◆ What the exercise asks: When you copy the entries, omit the images and keep every word as it is.

◆ Source material:
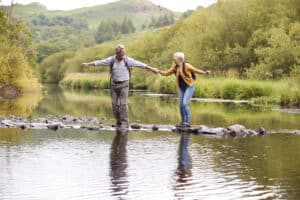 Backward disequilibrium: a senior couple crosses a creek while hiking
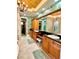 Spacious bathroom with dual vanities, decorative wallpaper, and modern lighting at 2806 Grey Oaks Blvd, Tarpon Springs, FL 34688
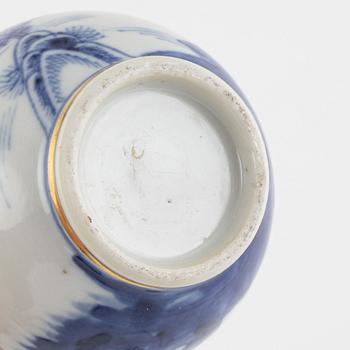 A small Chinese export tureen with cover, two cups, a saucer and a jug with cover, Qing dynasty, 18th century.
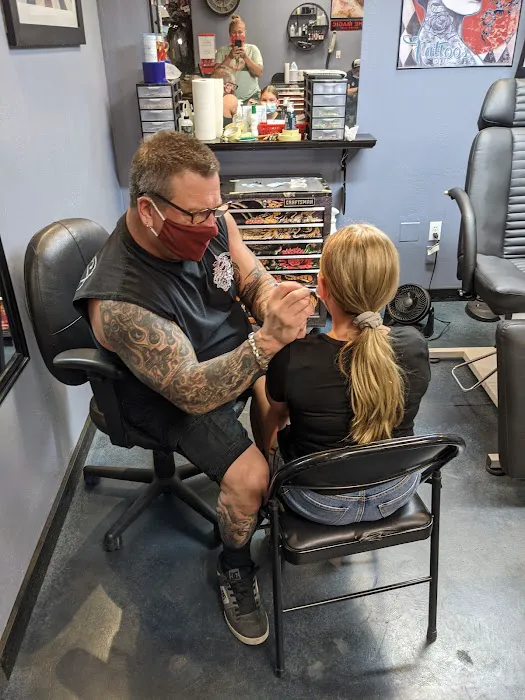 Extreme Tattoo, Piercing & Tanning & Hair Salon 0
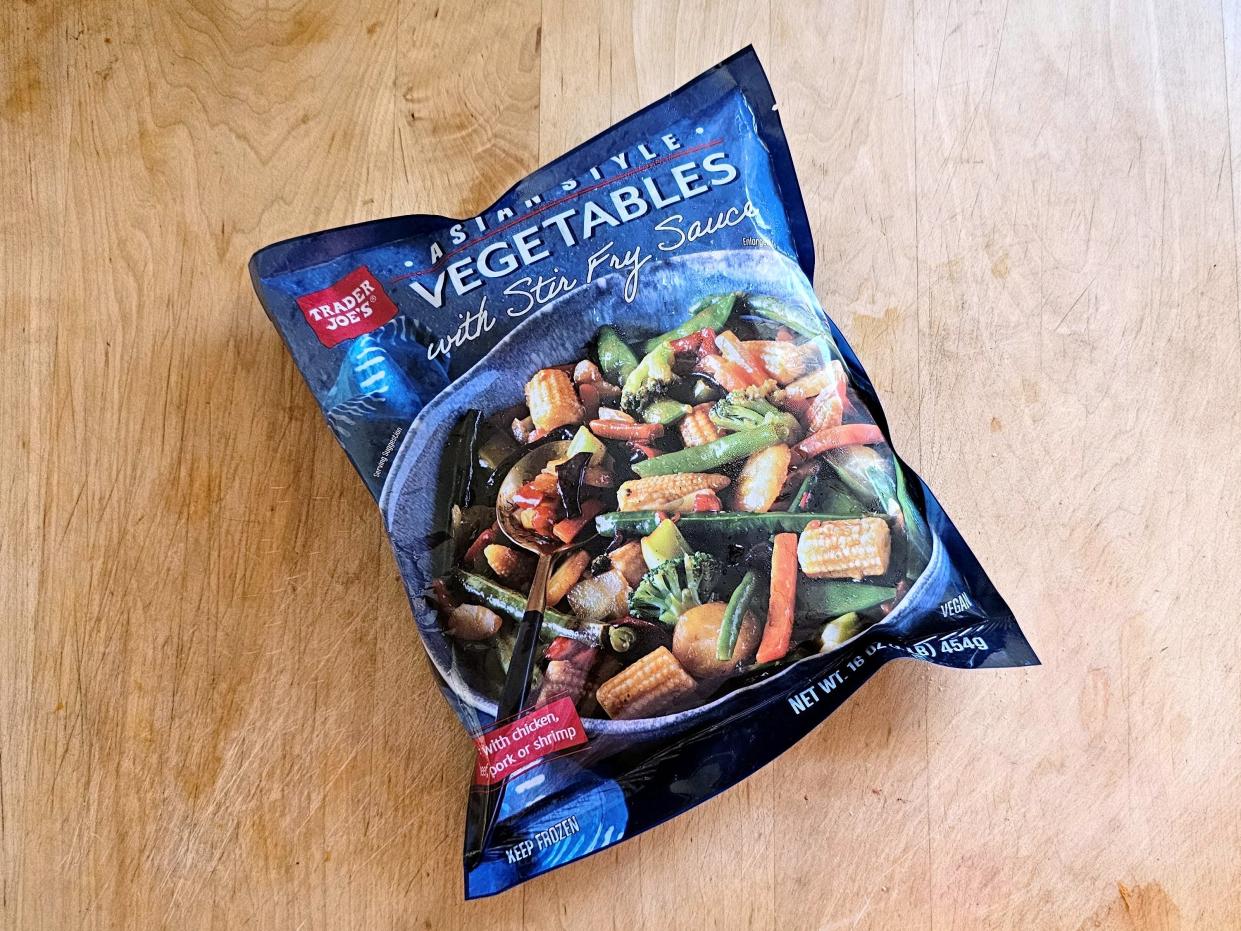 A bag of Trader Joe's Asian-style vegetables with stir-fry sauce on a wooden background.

◆ The answer:
 Backward disequilibrium: a senior couple crosses a creek while hiking
 Spacious bathroom with dual vanities, decorative wallpaper, and modern lighting at 2806 Grey Oaks Blvd, Tarpon Springs, FL 34688
 A small Chinese export tureen with cover, two cups, a saucer and a jug with cover, Qing dynasty, 18th century.
 Extreme Tattoo, Piercing & Tanning & Hair Salon 0
 A bag of Trader Joe's Asian-style vegetables with stir-fry sauce on a wooden background.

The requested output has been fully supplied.